A Gender Rights Activist working with the tribal and marginalized communities in india, Srilekha is a PhD scholar working on understanding body and sexuality among tribal girls, to fill the gaps in research around indigenous women and their stories. Srilekha has worked extensively at the grassroots level with community based organisations, through several advocacy initiatives around Gender, Mental Health, Menstrual Hygiene and Sexual and Reproductive Health Rights (SRHR) for the indigenous in Jharkhand, over the last 6 years.
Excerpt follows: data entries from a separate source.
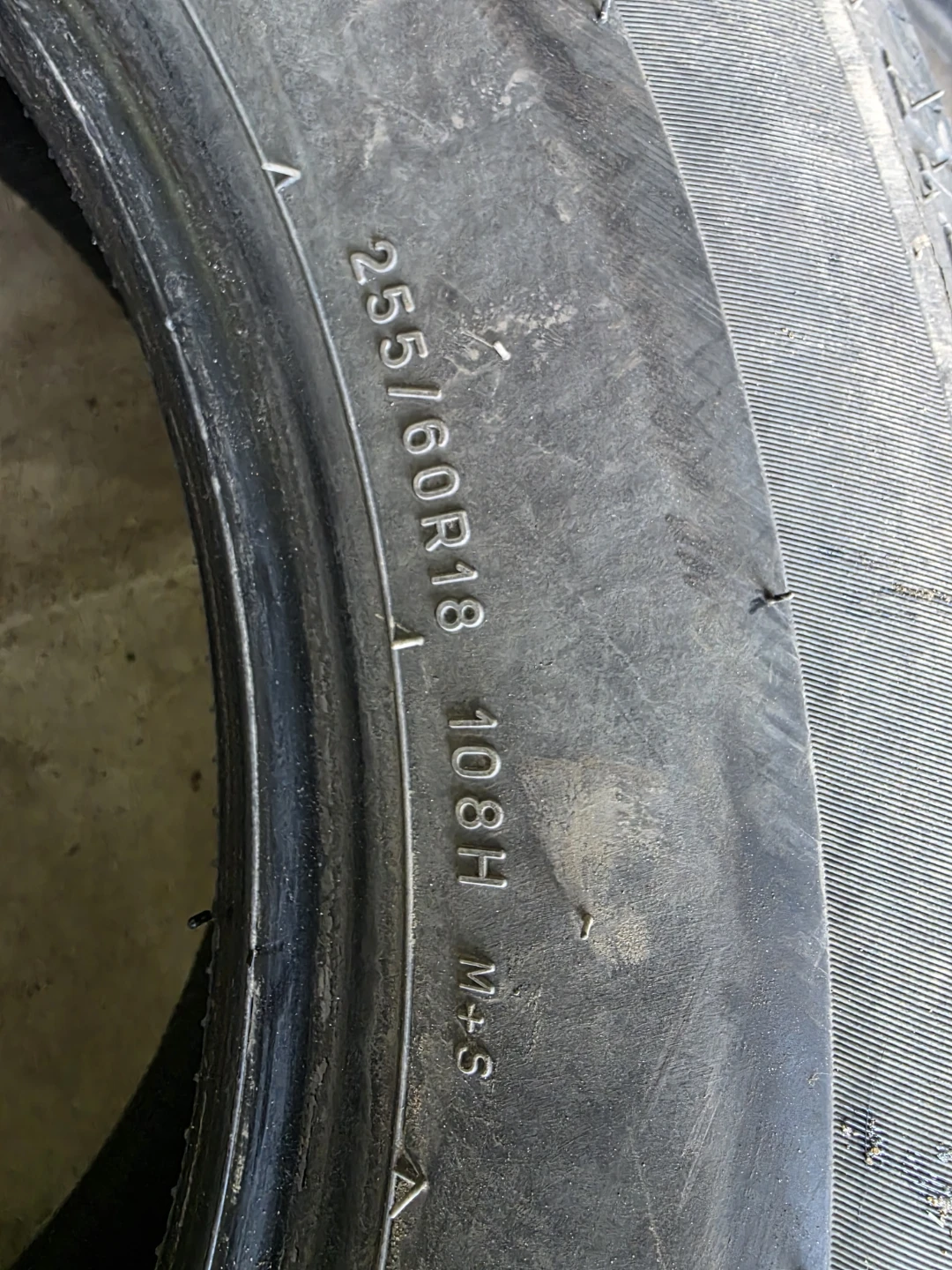 Uniroyal Tires 255/60R18 - photo 3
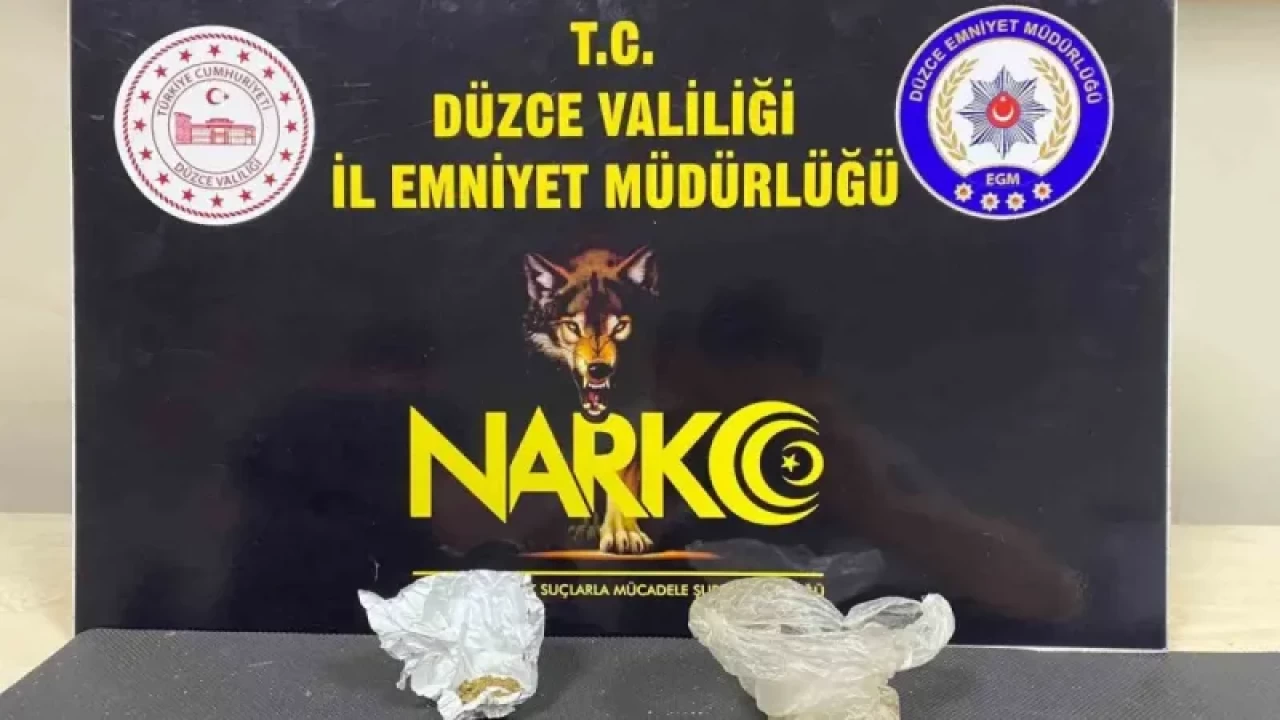 Düzce'de Uyuşturucu Satarken Yakalandı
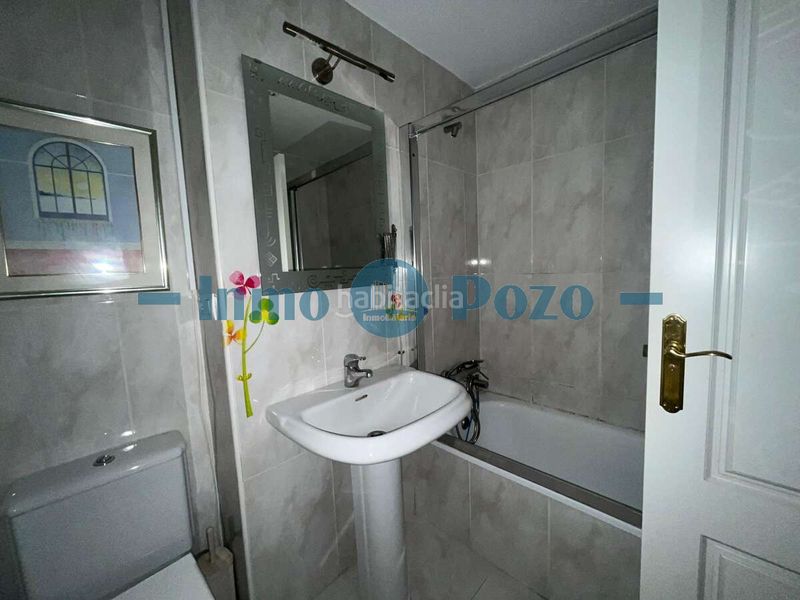 Foto b6b16385-204d-48e5-9507-c46a91553d35. Pis a Almendralejo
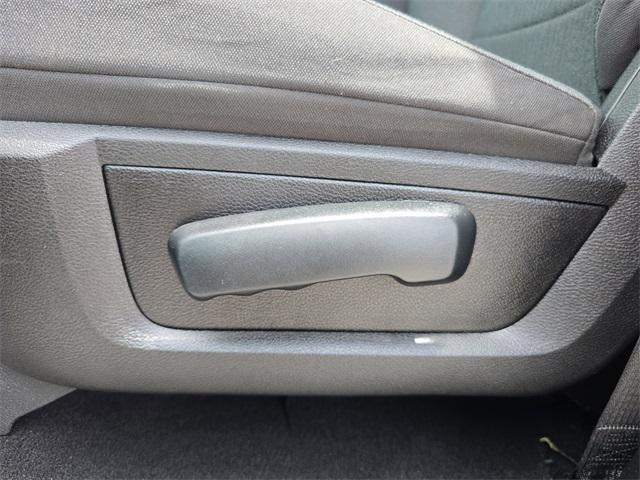 Photo of 2024 Granite Crystal Metallic Clearcoat RAM 1500 Classic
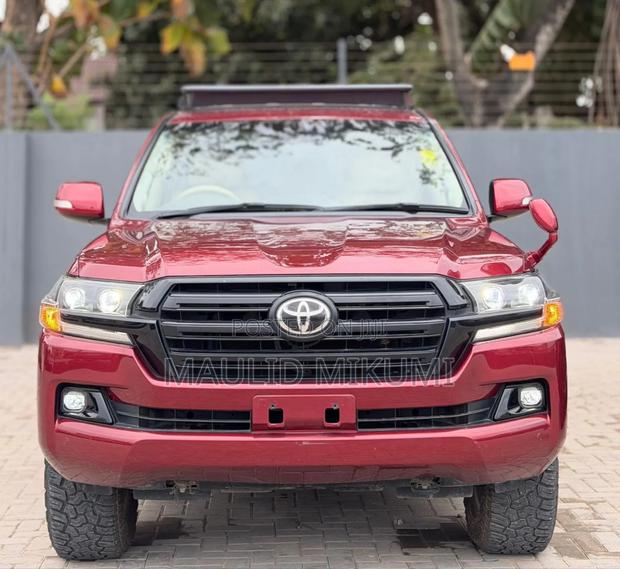 Toyota Land Cruiser 2017 Maroon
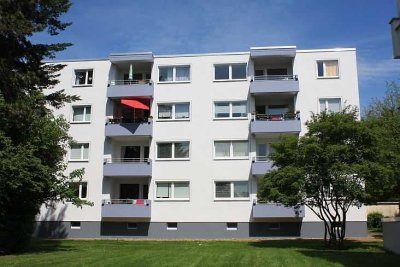 +++ 4 Zimmer mit Balkon und 2 Bädern +++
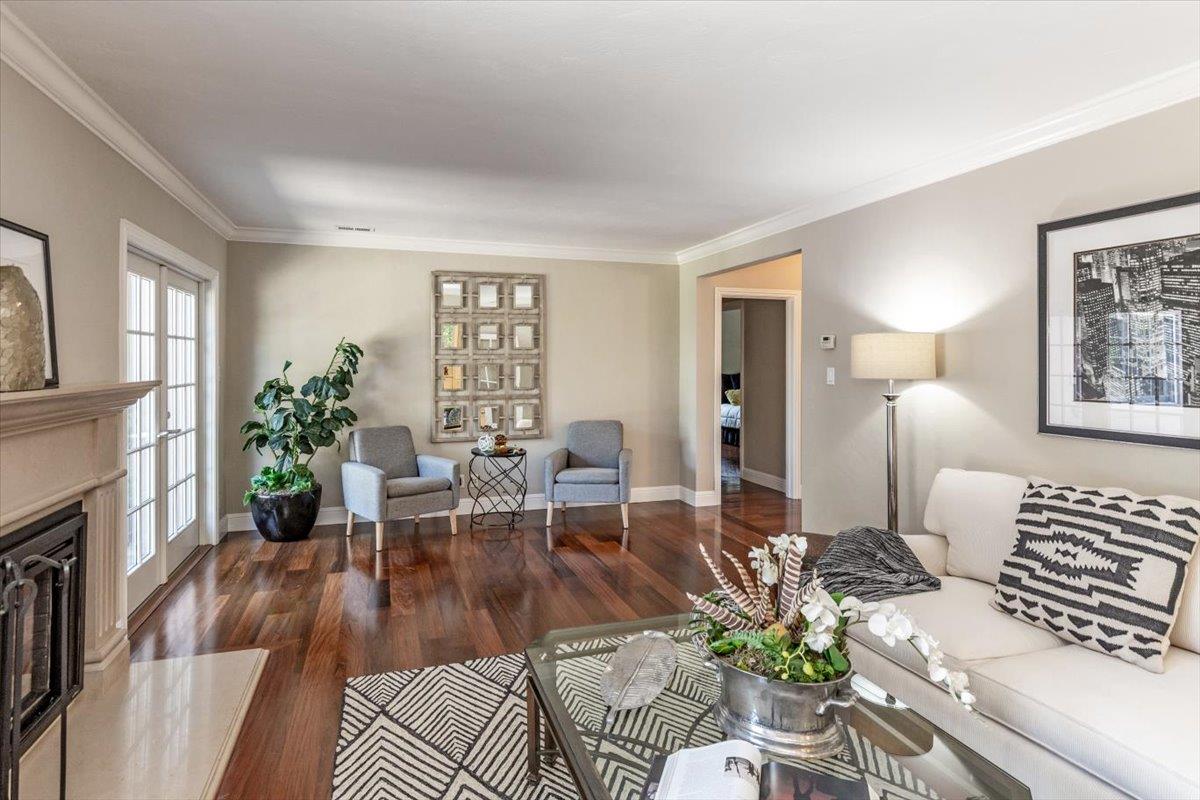Detail Gallery Image 7 of 37 For 32 N El Monte Ave, Los Altos,  CA 94022 - 4 Beds | 3/1 Baths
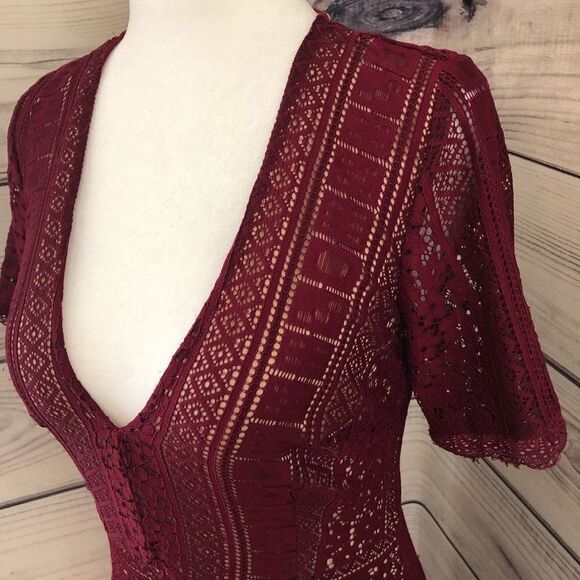Forever 21 Burgundy Lace Short Sleeve Dress - Picture 3 of 7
Srilekha has also contributed to sustainable livelihood projects and legal aid programs for survivors of sex trafficking. She has been conducting research based programs on maternal health, mental health, gender based violence, sex and sexuality. Her interest lies in conducting workshops for young people on life skills, feminism, gender and sexuality, trauma, resilience and interpersonal relationships.

A Guwahati-based college student pursuing her Masters in Tata Institute of Social Sciences, Bidisha started the #BleedwithDignity campaign on the technology platform Change.org, demanding that the Government of Assam install
biodegradable sanitary pad vending machines in all government schools across the state. Her petition on Change.org has already gathered support from over 90000 people and continues to grow.

Bidisha was selected in Change.org’s flagship program ‘She Creates Change’ having run successful online advocacy
campaigns, which were widely recognised. Through the #BleedwithDignity campaign; she organised and celebrated World Menstrual Hygiene Day, 2019 in Guwahati, Assam by hosting a wall mural by collaborating with local organisations. The initiative was widely covered by national and local media, and the mural was later inaugurated by the event’s chief guest Commissioner of Guwahati Municipal Corporation (GMC) Debeswar Malakar, IAS.